In the midst of this confusion of assertion and contradiction, of hope and disappointment, a luckless house-painter, of a religions turn of mind, and a taste perhaps of fluidical enjoyment, fell into the hands of the inquisitors, and, at the time, it must be confessed, with some circumstances attendant on his movements and position that gave color to the theory of his criminality. At his house the boy and girl had boarded last; from his house they started on their terrible adventure; and it was said that he was engaged on that day to do some work at or about May’s wood; and so they linked him with the two pools of blood out in the shades of the fearful woods. There was a judicial examination; but naught came out of it to warrant his detention, and so he was sent about his business rejoicing, with a clear skirt, and a eulogistic letter from the clergyman of his parish. The incident seemed rather to have worked to the advantage of the window-sash artist; and, in the full enjoyment of his acquittal, and the continued performance of his grave religious duties, this history must leave him.

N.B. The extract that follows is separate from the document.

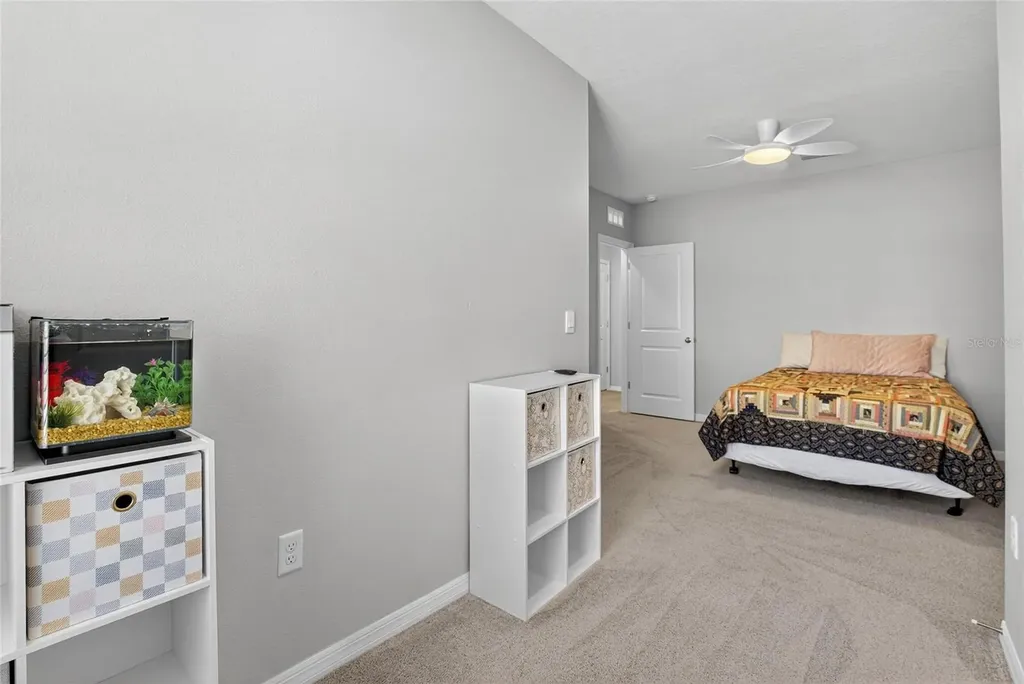 5055 Captain Davis Drive Wimauma FL 33598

And yet another. A young fellow was arrested, and lodged in the county jail at Dedham, of whom there was not the slightest doubt of his being the man. When arrested, it was proved that he had been absent from work on the fatal day; that his hands were scratched, and his clothes spotted with blood; and that he had been drunk on that night, driven, it was religiously and philosophically construed, into that beastly condition by the reproaches of his conscience. Ah, he was the very man! He looked, in his dimness of drunk and tatterdemalionism of garb, like a real Simon-pure unadulterated murderer. The rope was ready, and the coming carpenter dreamed of a gallows on which he was to swing. But the rope had not yet been twisted, and the carpenter had only dreamed; for it was established as follows of his biography: He had been absent from work because he had no work to attend to; he had been drunk because he loved bad whiskey and good company; he was scratched and blood-tinted because his valor and his bottle had led him, at an ill-reputed tavern, some two or three miles up the road, to attempt the vindication or assertion of his philosophic, philanthropic, political, or religious opinions and dogmas, by quotations from the library of his fists and muscles. So he, too, got out of the clutches of the law, and stands, or staggers, now, ready at any moment to be arrested upon the same grounds for any similar offence, or other offence, that his neighbors may think him fit for.